Thermodynamics and kinetics of formation of orientationally isomeric [2]pseudorotaxanes between α-cyclodextrin and aliphatic chain-linked aromatic donor-viologen acceptor compounds

Abstract

This article reports the thermodynamics and kinetics of the formation of the [2]pseudorotaxanes between α-CD and decamethylene chain-linked aromatic donor-viologen acceptor threads 1-4 in aqueous media, studied by 1H NMR, absorption, and fluorescence spectroscopic methods. The aromatic donor units of threads are carbazole (Cz) for 1, 1-naphthoxy (1-Nap) group for 2 and 4, and 2-naphthoxy (2-Nap) group for 3. The viologen units are 1-methyl-4,4′-bipyridinium (C 1V 2+) for 1-3 and 1-(3,5-dimethoxybenzyl)-4,4′-bipyridinium for 4. The threads form intramolecular charge-transfer (CT) complexes having folded structure and the order of the stability of the CT complexes is 1 > 4 > 2 ≥ 3. The overall equilibrium constant for the [2]pseudorotaxane formation reactions with the open conformer of 1 is 68 000 M -1, whereas the corresponding values with 2-4 are about 7000 M -1. The reactions of α-CD with 1-4 give two orientationally isomeric [2]pseudorotaxanes. In all of those, the isomers (P II) with the secondary side of α-CD facing toward the viologen unit are thermodynamically more favored by > 10 times than the isomers (P I) having the opposite α-CD orientation. The microscopic directional rate constants of the threading and the dethreading reactions for the [2]pseudorotaxane isomers were obtained by analyzing the kinetic traces and 1H NMR spectra. The reactions proceed mostly through C 1V 2+ for 1 and 2, through 2-Nap for 3, and through 1-Nap unit for 4. Little kinetic selectivity for the orientation of α-CD is shown for the threading reaction through C 1V 2+, while the primary side is favored by four times for 1-Nap and the secondary side is preferred by about 1.5 times for 2-Nap group.
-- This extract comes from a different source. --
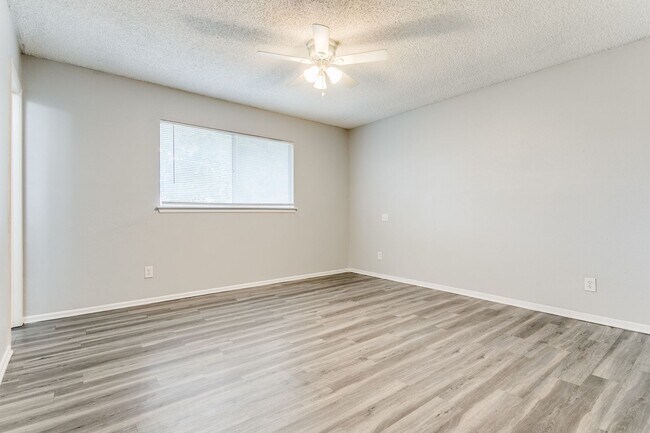 Building Photo - 13226 Chesterton Dr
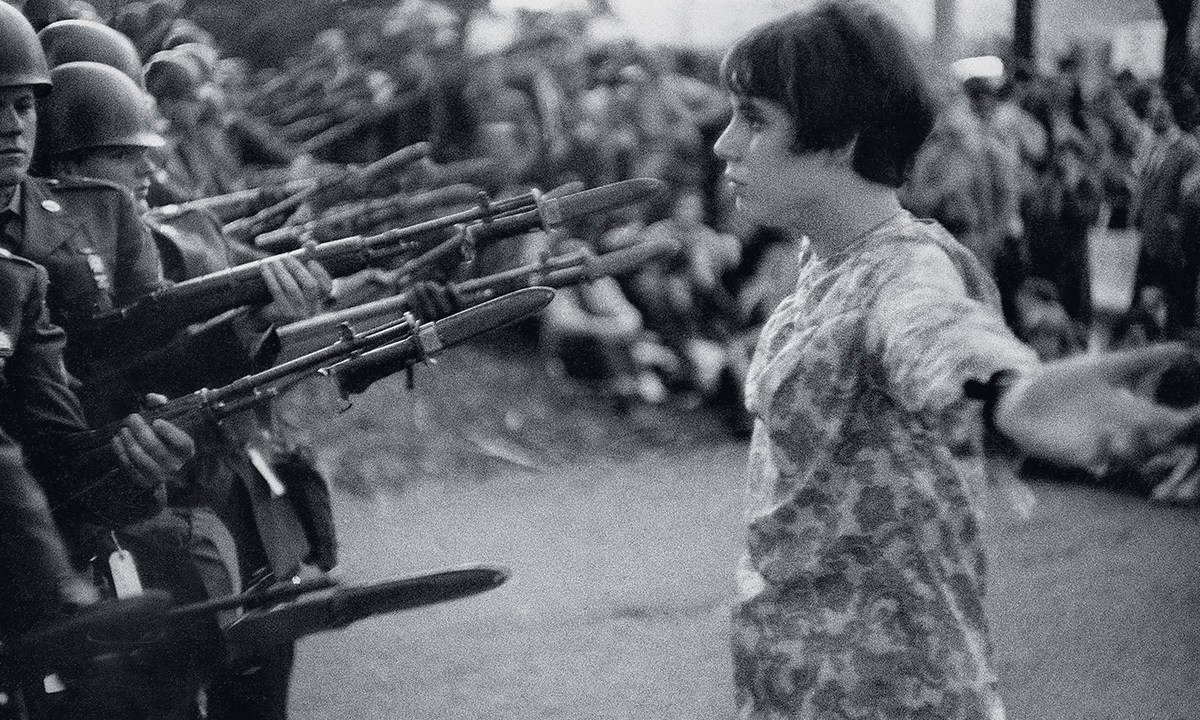 FAÇA AMOR: O que Ali alimentou com diatribes e luvas, a jovem conseguiu desprotegida, em frente ao Pentágono, em 1967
The rates of the threading and dethreading of α-CD through C 1V 2 are more than 10 2 times faster than the corresponding rates through 1-Nap group but are slower by more than 10 2 times than those through 2-Nap. The thermodynamic preference of the P II isomer to the P I isomer is mostly due to the slower dethreading rates of the P II isomer than the P I isomer. © 2007 American Chemical Society.